KEDA Installation and Verification
# Install KEDA with Helm
helm repo add kedacore https://kedacore.github.io/charts
helm repo update
helm install keda kedacore/keda --namespace keda --create-namespace
# Check KEDA status
kubectl get pods -n keda
kubectl get scaledobjects -n production
kubectl get hpa -n production
# Check ScaledObject details
kubectl describe scaledobject order-processor-scaledobject -n production
HPA vs VPA vs KEDA Comparison
| Category | HPA | VPA | KEDA |
|---|---|---|---|
| Scaling Direction | Horizontal (Pod count) | Vertical (resource requests/limits) | Horizontal (event-driven Pod count) |
| Default Metrics | CPU, Memory | CPU, Memory usage history | External event sources (65+ scalers) |
| Custom Metrics | Supported (Adapter required) | Not supported | Built-in support |
| Scale-to-Zero | Not supported (minReplicas >= 1) | Not applicable | Supported |
| Pod Restart | Not required | Required (Recreate mode) | Not required |
| Suitable Workloads | Stateless web services, APIs | All workloads (resource optimization) | Event-driven, batch jobs, queue processing |
| Built into Kubernetes | Yes | Separate installation required | Separate installation required |
| Relationship with HPA | - | May conflict on CPU/memory metrics | Internally creates/manages HPA |
| Learning Curve | Low | Medium | Medium to High |
| Cost Optimization | Medium (possible over-scaling) | High (right-sizing) | High (Scale-to-Zero) |
Recommended Scenarios
- General web services: HPA (CPU-based) + VPA (Off mode for monitoring)
- Event-driven microservices: KEDA (Kafka/SQS triggers)
- Batch jobs: KEDA (ScaledJob for automatic termination upon job completion)
- API gateways: HPA (RPS-based custom metrics)
- Legacy applications: VPA (when vertical scaling is the only option)
Composite Scaling Patterns
HPA + VPA Combination
The most important principle when using HPA and VPA simultaneously is to ensure they do not conflict on the same metrics.

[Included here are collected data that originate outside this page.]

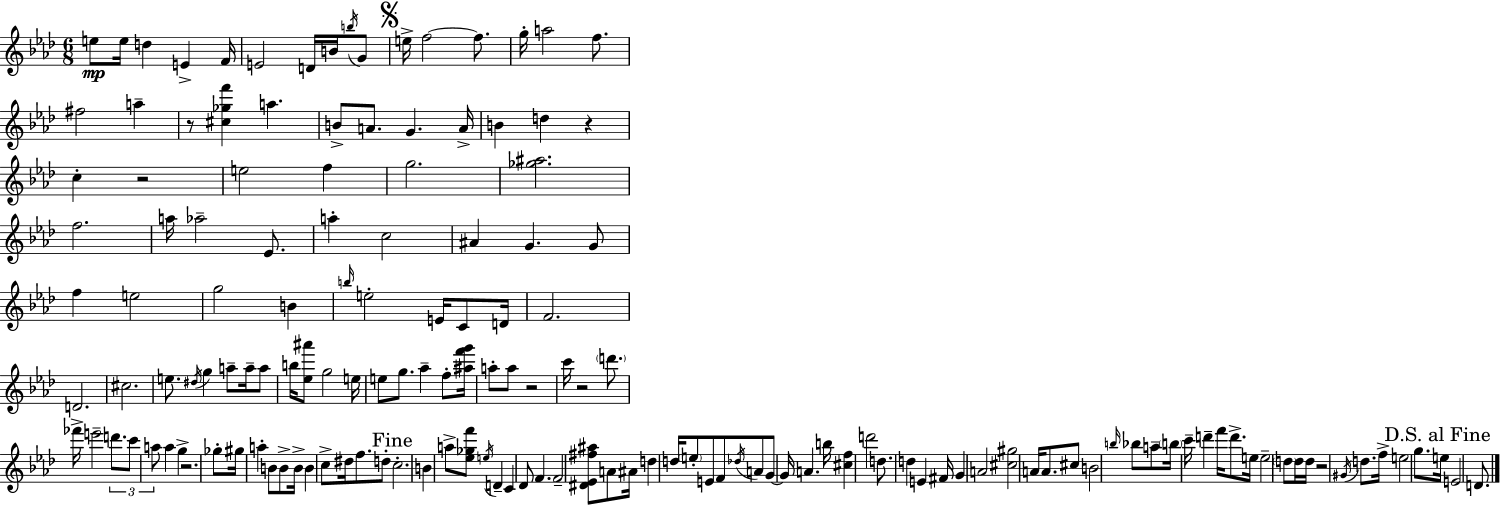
E5/e E5/s D5/q E4/q F4/s E4/h D4/s B4/s B5/s G4/e E5/s F5/h F5/e. G5/s A5/h F5/e. F#5/h A5/q R/e [C#5,Gb5,F6]/q A5/q. B4/e A4/e. G4/q. A4/s B4/q D5/q R/q C5/q R/h E5/h F5/q G5/h. [Gb5,A#5]/h. F5/h. A5/s Ab5/h Eb4/e. A5/q C5/h A#4/q G4/q. G4/e F5/q E5/h G5/h B4/q B5/s E5/h E4/s C4/e D4/s F4/h. D4/h. C#5/h. E5/e. D#5/s G5/q A5/e A5/s A5/e B5/s [Eb5,A#6]/e G5/h E5/s E5/e G5/e. Ab5/q F5/e [A#5,F6,G6]/s A5/e A5/e R/h C6/s R/h D6/e. FES6/s E6/h D6/e. C6/e A5/e A5/q G5/q R/h. Gb5/e G#5/s A5/q B4/e B4/e B4/s B4/q C5/e D#5/s F5/e. D5/e C5/h. B4/q A5/e [Eb5,Gb5,F6]/e E5/s D4/q C4/q Db4/e F4/q. F4/h [D#4,Eb4,F#5,A#5]/e A4/e A#4/s D5/q D5/s E5/e E4/e F4/e Db5/s A4/e G4/e G4/s A4/q. B5/s [C#5,F5]/q D6/h D5/e. D5/q E4/q F#4/s G4/q A4/h [C#5,G#5]/h A4/s A4/e. C#5/e B4/h B5/s Bb5/e A5/e B5/s C6/s D6/q F6/s D6/e. E5/s E5/h D5/e D5/s D5/s R/h G#4/s D5/e. F5/s E5/h G5/e. E5/s E4/h D4/e.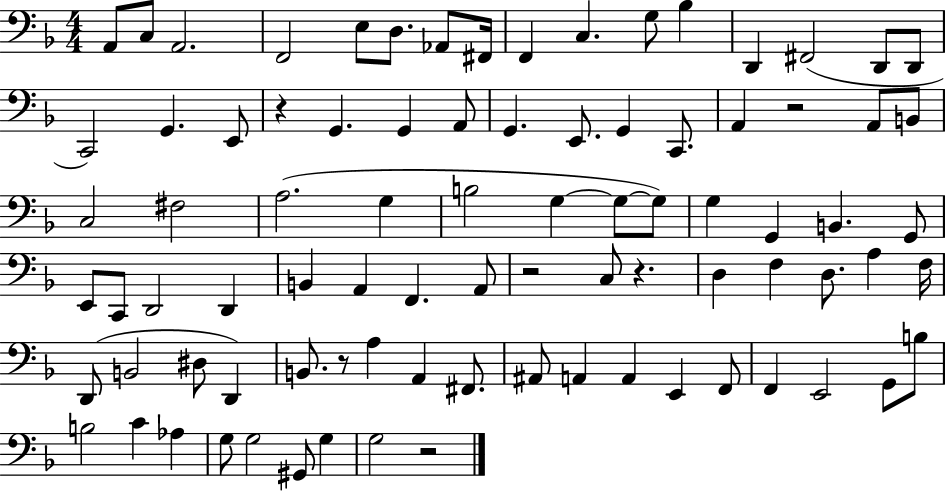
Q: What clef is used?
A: bass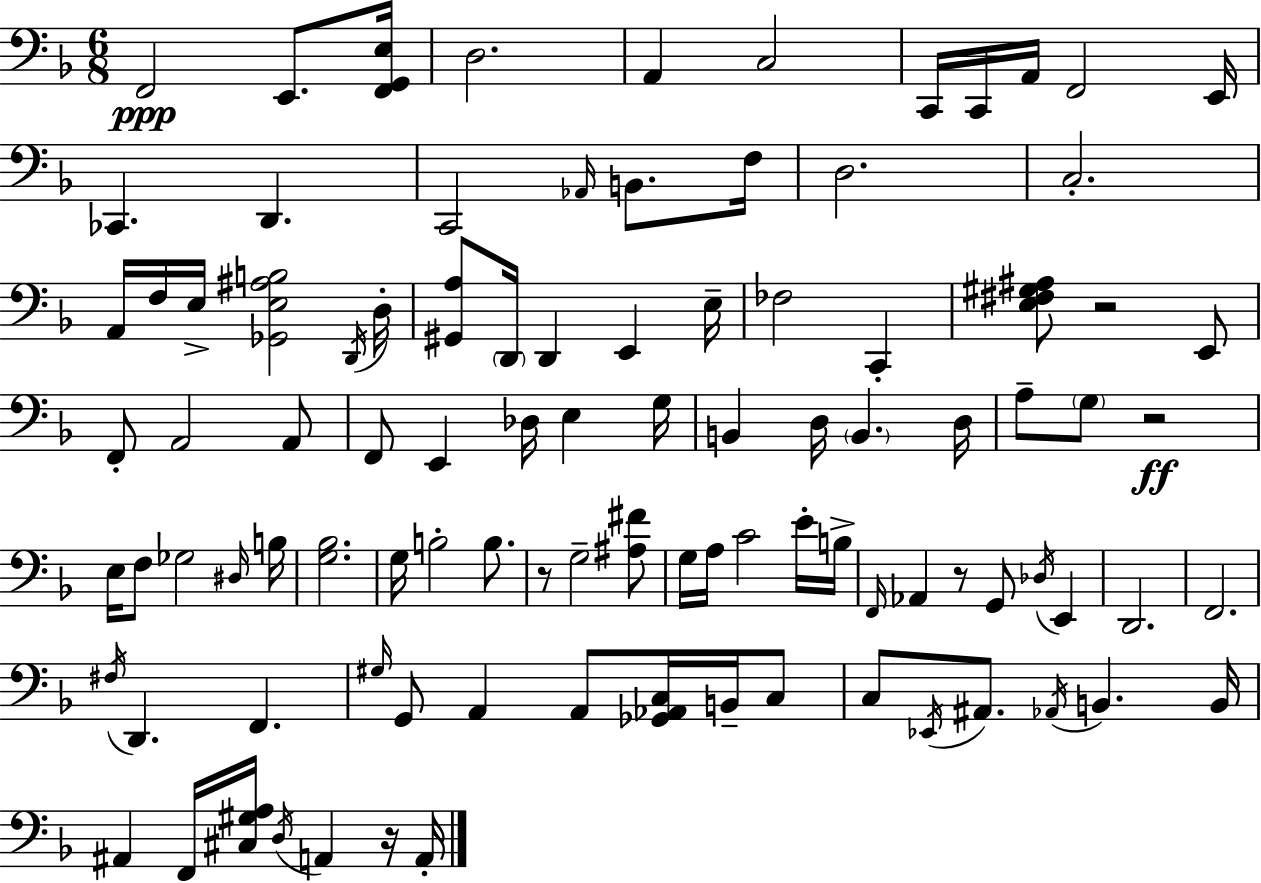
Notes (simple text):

F2/h E2/e. [F2,G2,E3]/s D3/h. A2/q C3/h C2/s C2/s A2/s F2/h E2/s CES2/q. D2/q. C2/h Ab2/s B2/e. F3/s D3/h. C3/h. A2/s F3/s E3/s [Gb2,E3,A#3,B3]/h D2/s D3/s [G#2,A3]/e D2/s D2/q E2/q E3/s FES3/h C2/q [E3,F#3,G#3,A#3]/e R/h E2/e F2/e A2/h A2/e F2/e E2/q Db3/s E3/q G3/s B2/q D3/s B2/q. D3/s A3/e G3/e R/h E3/s F3/e Gb3/h D#3/s B3/s [G3,Bb3]/h. G3/s B3/h B3/e. R/e G3/h [A#3,F#4]/e G3/s A3/s C4/h E4/s B3/s F2/s Ab2/q R/e G2/e Db3/s E2/q D2/h. F2/h. F#3/s D2/q. F2/q. G#3/s G2/e A2/q A2/e [Gb2,Ab2,C3]/s B2/s C3/e C3/e Eb2/s A#2/e. Ab2/s B2/q. B2/s A#2/q F2/s [C#3,G#3,A3]/s D3/s A2/q R/s A2/s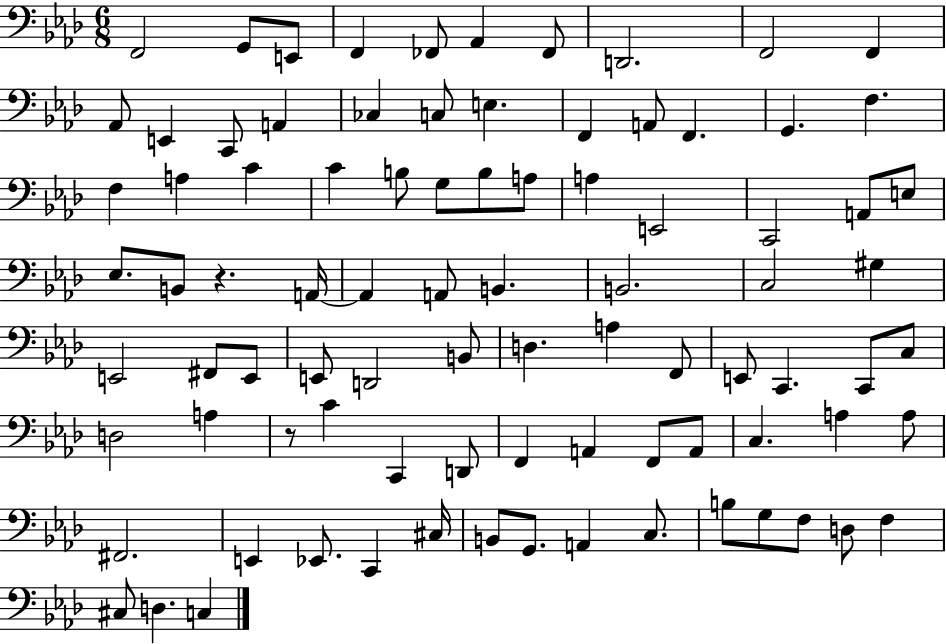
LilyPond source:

{
  \clef bass
  \numericTimeSignature
  \time 6/8
  \key aes \major
  f,2 g,8 e,8 | f,4 fes,8 aes,4 fes,8 | d,2. | f,2 f,4 | \break aes,8 e,4 c,8 a,4 | ces4 c8 e4. | f,4 a,8 f,4. | g,4. f4. | \break f4 a4 c'4 | c'4 b8 g8 b8 a8 | a4 e,2 | c,2 a,8 e8 | \break ees8. b,8 r4. a,16~~ | a,4 a,8 b,4. | b,2. | c2 gis4 | \break e,2 fis,8 e,8 | e,8 d,2 b,8 | d4. a4 f,8 | e,8 c,4. c,8 c8 | \break d2 a4 | r8 c'4 c,4 d,8 | f,4 a,4 f,8 a,8 | c4. a4 a8 | \break fis,2. | e,4 ees,8. c,4 cis16 | b,8 g,8. a,4 c8. | b8 g8 f8 d8 f4 | \break cis8 d4. c4 | \bar "|."
}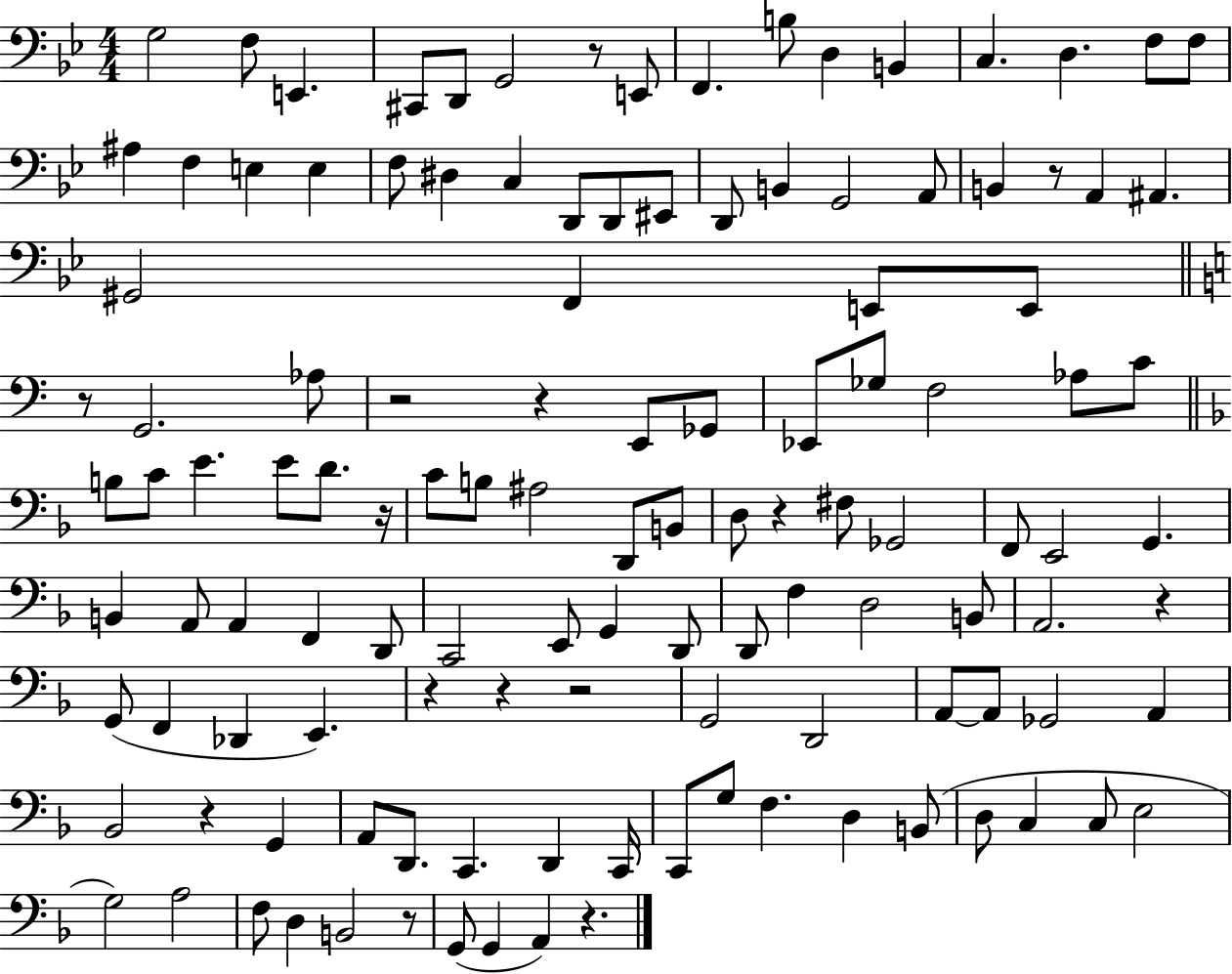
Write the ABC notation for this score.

X:1
T:Untitled
M:4/4
L:1/4
K:Bb
G,2 F,/2 E,, ^C,,/2 D,,/2 G,,2 z/2 E,,/2 F,, B,/2 D, B,, C, D, F,/2 F,/2 ^A, F, E, E, F,/2 ^D, C, D,,/2 D,,/2 ^E,,/2 D,,/2 B,, G,,2 A,,/2 B,, z/2 A,, ^A,, ^G,,2 F,, E,,/2 E,,/2 z/2 G,,2 _A,/2 z2 z E,,/2 _G,,/2 _E,,/2 _G,/2 F,2 _A,/2 C/2 B,/2 C/2 E E/2 D/2 z/4 C/2 B,/2 ^A,2 D,,/2 B,,/2 D,/2 z ^F,/2 _G,,2 F,,/2 E,,2 G,, B,, A,,/2 A,, F,, D,,/2 C,,2 E,,/2 G,, D,,/2 D,,/2 F, D,2 B,,/2 A,,2 z G,,/2 F,, _D,, E,, z z z2 G,,2 D,,2 A,,/2 A,,/2 _G,,2 A,, _B,,2 z G,, A,,/2 D,,/2 C,, D,, C,,/4 C,,/2 G,/2 F, D, B,,/2 D,/2 C, C,/2 E,2 G,2 A,2 F,/2 D, B,,2 z/2 G,,/2 G,, A,, z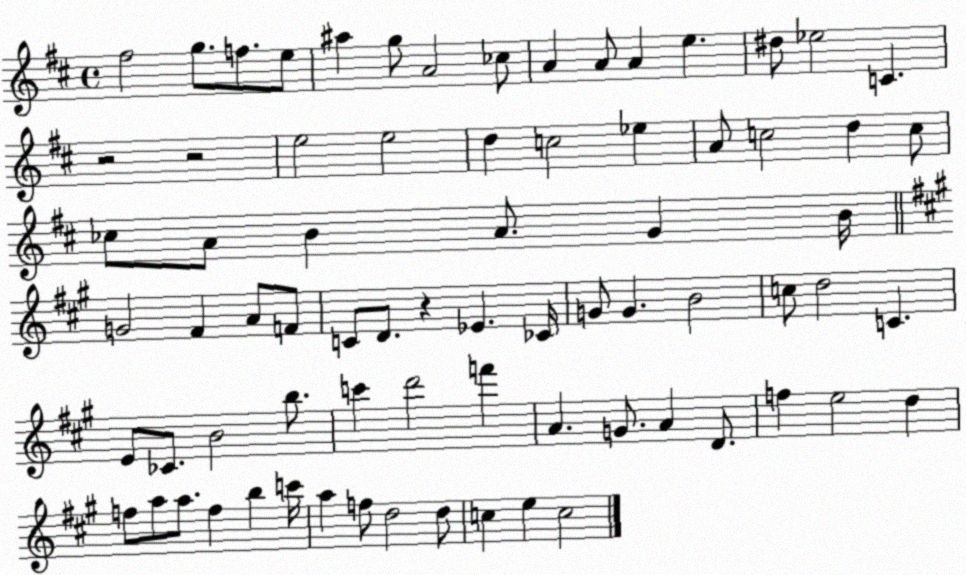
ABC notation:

X:1
T:Untitled
M:4/4
L:1/4
K:D
^f2 g/2 f/2 e/2 ^a g/2 A2 _c/2 A A/2 A e ^d/2 _e2 C z2 z2 e2 e2 d c2 _e A/2 c2 d c/2 _c/2 A/2 B A/2 G B/4 G2 ^F A/2 F/2 C/2 D/2 z _E _C/4 G/2 G B2 c/2 d2 C E/2 _C/2 B2 b/2 c' d'2 f' A G/2 A D/2 f e2 d f/2 a/2 a/2 f b c'/4 a f/2 d2 d/2 c e c2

# HPA: Horizontal scaling based on custom metrics (RPS) only
apiVersion: autoscaling/v2
kind: HorizontalPodAutoscaler
metadata:
name: api-hpa
namespace: production
spec:
scaleTargetRef:
apiVersion: apps/v1
kind: Deployment
name: api-server
minReplicas: 3
maxReplicas: 30
metrics:
- type: Pods
pods:
metric:
name: http_requests_per_second
target:
type: AverageValue
averageValue: '500'
---
# VPA: Vertical adjustment of CPU/memory only (no conflict since HPA uses only custom metrics)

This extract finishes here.